To address this unintended consequence, it has been recommended that the relative opening of the anteromedial and posterolateral corners of the osteotomy are calculated pre-operatively using trigonometry (1). This calculation assumes that the saw-cut is made parallel to the native posterior slope; yet given the current reliance on 2D images and the ‘surgeon's eye’ to guide the saw-cut, this assumption is questionable.

The aim of this study was to explore how accurately the native posterior tibial slope is reproduced with a traditional freehand osteotomy saw-cut, and whether novel 3D printed patient-specific guides improve this accuracy.

Methods

26 fourth year medical students with no prior experience of performing an osteotomy were asked to perform two osteotomy saw-cuts in foam cortical shell tibiae; one freehand, and one with a 3D printed surgical guide (Embody, London) that was designed using a CT scan of the bone model. The students were instructed to aim for parallelity with a hinge pin which had been inserted (with the use of a highly conforming 3D printed guide) parallel to the posterior slope of the native joint.

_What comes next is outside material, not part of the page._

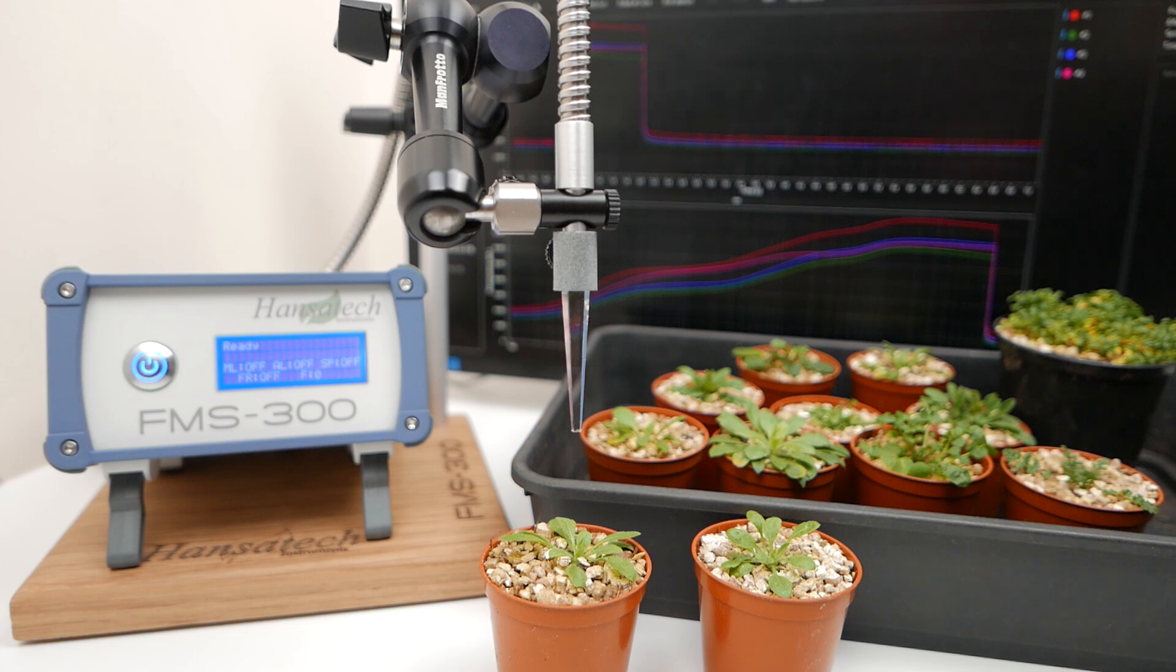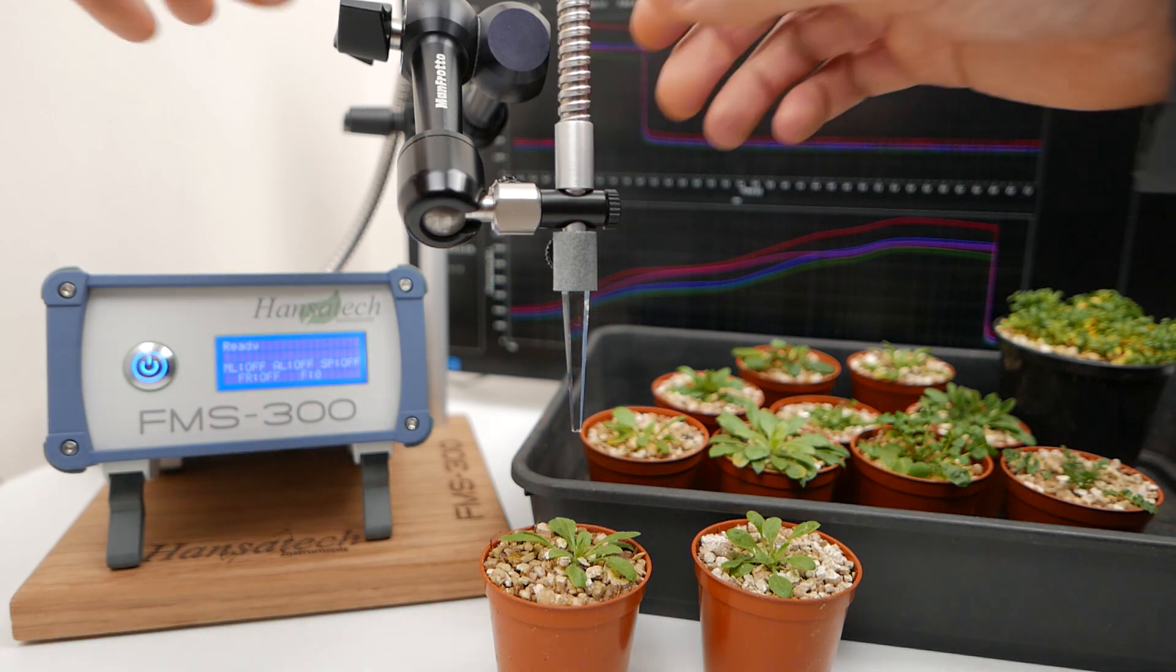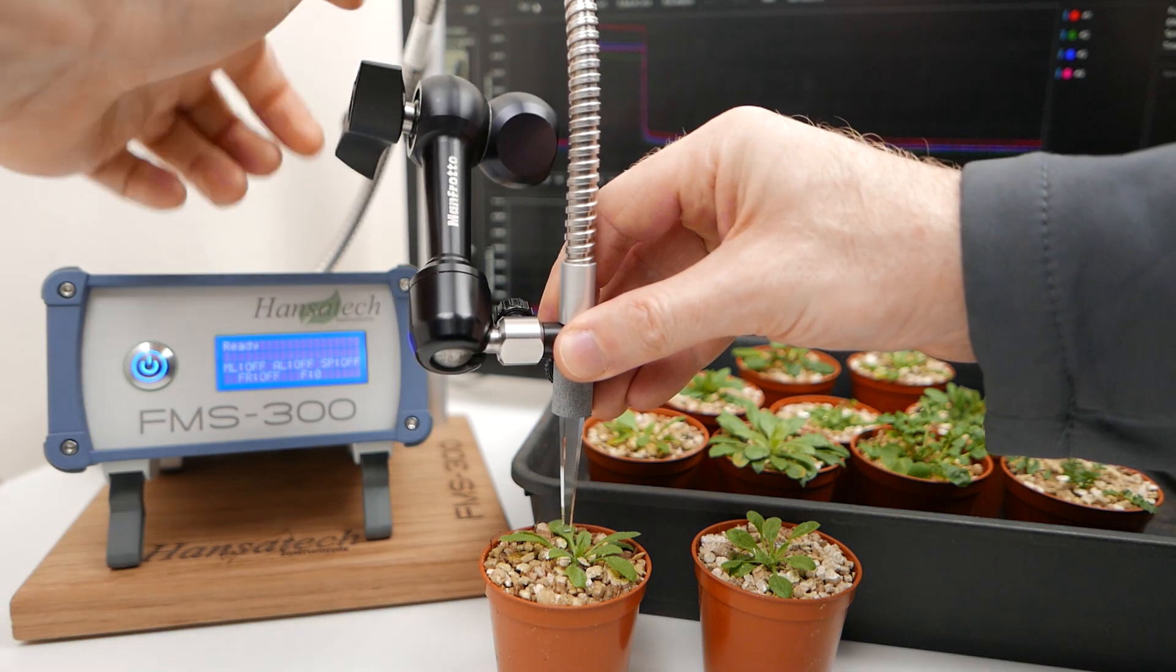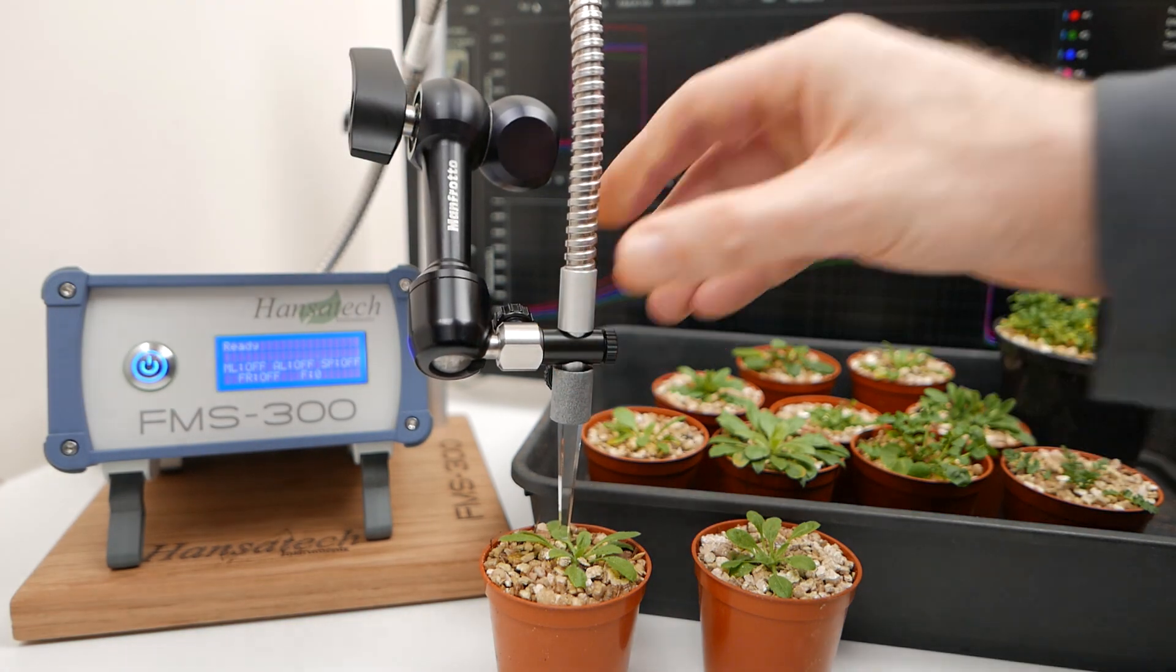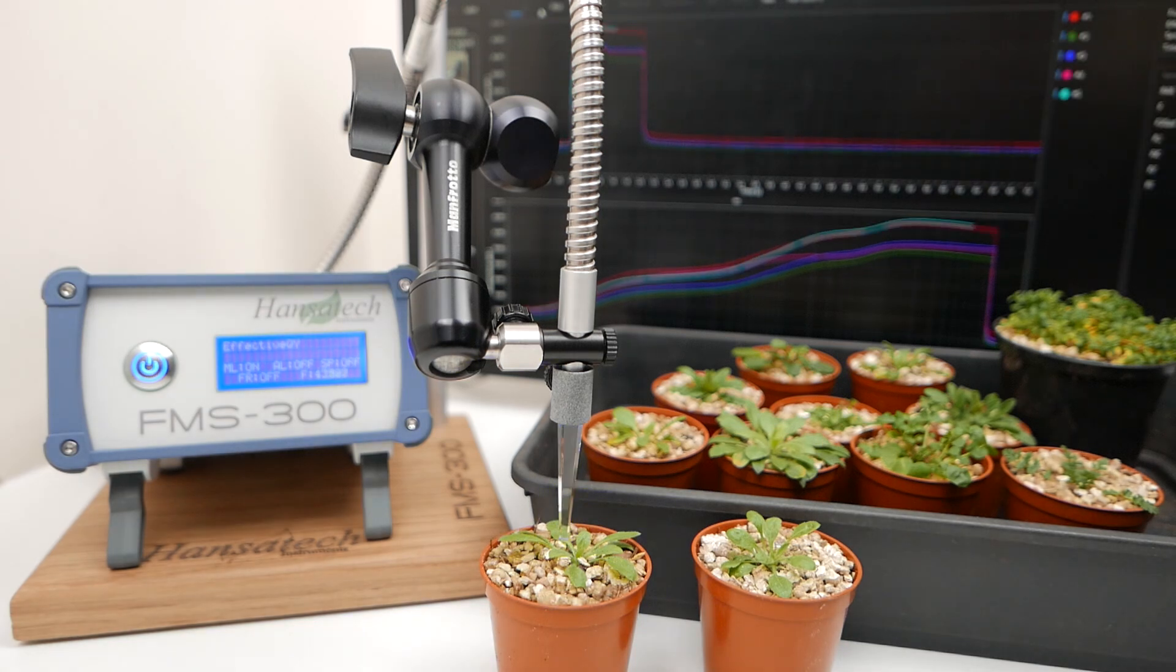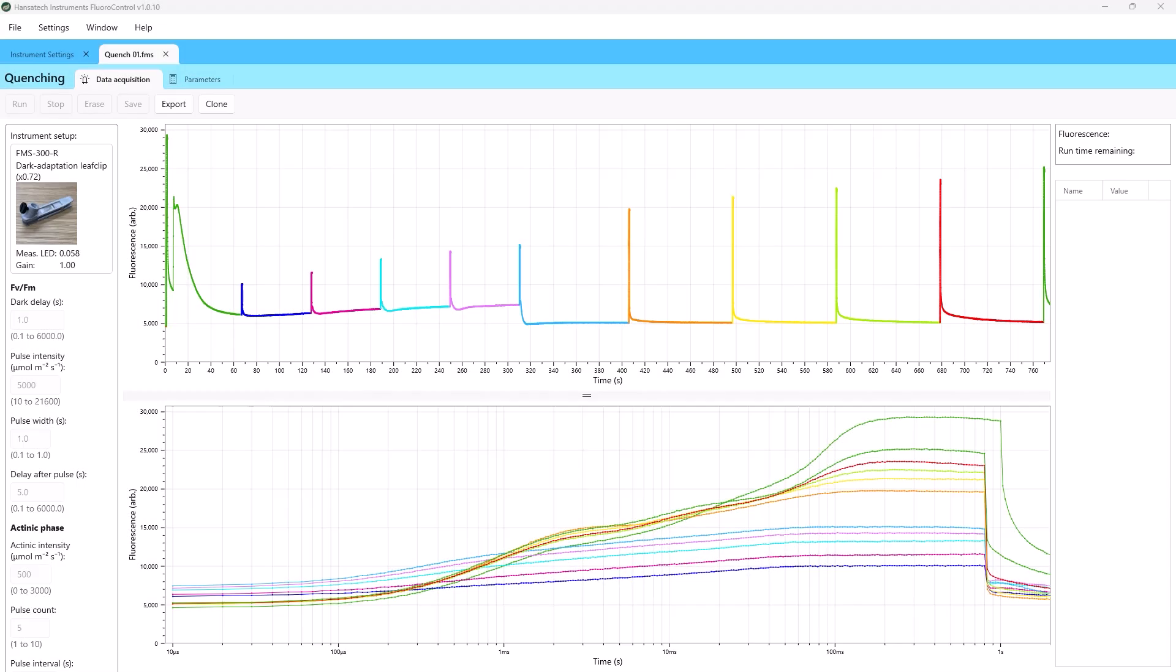With the FMS 300's clone feature, you can recreate an experimental routine with a single click, straight from a saved results file. Ideal for replication and sharing with colleagues and students.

For the purpose of analysis, the sawbones were consistently orientated along their mechanical and anatomical tibial axes using custom moulded supports. Digital photographs taken in the plane of the osteotomy were analysed with ImageJ software to calculate the angular difference in the sagittal plane between the hinge-pin and saw-cut. Statistical analysis was performed with SPSS v21 (Chicago, Illinois); a paired t-test was used to compare the freehand and patient-specific guide techniques. Statistical significance was set at a p-value <0.05.

Results

Using the traditional freehand technique, the mean difference in angle between the hinge pin and osteotomy saw-cut was 5.40 (SD 4.6), which contrasted with 1.40(SD 1) when the osteotomy was performed using a 3D printed guide [See Figure 1]. This difference was significant (p<0.001).

Discussion

This study highlights the large degree of error in the posterior slope of an osteotomy saw-cut when performed using a freehand technique, and which is likely to be a factor in the unintended change in tibial slope commonly observed in post-operative patients.

We found that a 3D printed patient-specific osteotomy guide significantly improved the accuracy and reduced the variability of this procedure. A follow-up multi-centre clinical trial is currently underway to ascertain whether these results are replicated in-vivo.